Jhonathan Moreira acredita viver sob uma ditadura. O Estado controla todos os setores de atividade do país, até mesmo aquilo que pode ou não comprar. “O venezuelano hoje em dia tem dinheiro para comer ou para se vestir, não para ambas ao mesmo tempo”. O finalista do curso de Administração e Contabilidade da UCAB explica que em 2013 a Venezuela registou 25 mil assassinatos, um número três vezes superior ao do Irão: “O direito à vida é fundamental e não está garantido no país. Sabes a que horas sais de casa, mas não quando e como regressas”, afirma.

“O meu país é tão bonito, quero lutar por ele e pela sua democracia”

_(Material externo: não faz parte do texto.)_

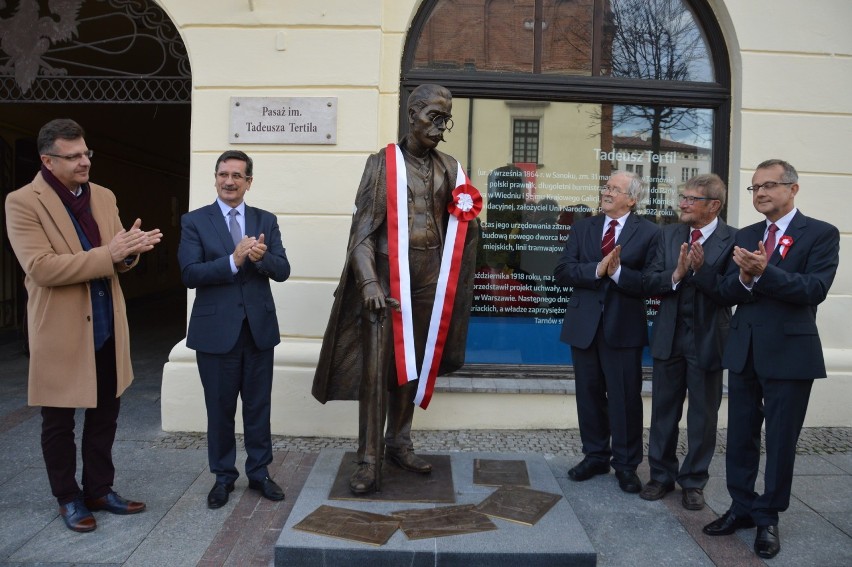 Tarnów. Odsłonięto pomnik Tadeusza Tertila [ZDJĘCIA]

Para perceber melhor o que está a acontecer na Venezuela, o JPN falou com Rita Siza. A jornalista do Público explica que se trata de um confronto nas ruas entre os opositores do regime e os que “não são necessariamente opositores políticos”, com “as forças institucionais da Polícia Nacional, da Guarda Civil e paramilitares que fazem ações de contragolpe relativamente às manifestações”.

Rita Siza é da opinião que os jovens não constituem uma ameaça ao governo até porque “muitos dos estudantes não contestam necessariamente o regime, não estão na rua a lutar pela queda do governo”, mas pela situação económica e pelas dificuldades em encontrar trabalho. O que levou a que tudo culminasse dia 12 de fevereiro foi, de acordo com a jornalista , uma tentativa de violação a uma jovem por parte de um polícia dentro do recinto universitário em Táchira. No entanto, é prematuro prever o que poderá acontecer com estas manifestações.

Apesar do futuro incerto, Jhonathan e Leidy tomam como assegurada a continuidade na Venezuela. “O meu país é tão bonito e tem tanto potencial, quero lutar por ele e pela sua democracia. Custe o que custar, não tenho medo”, afirma a jovem.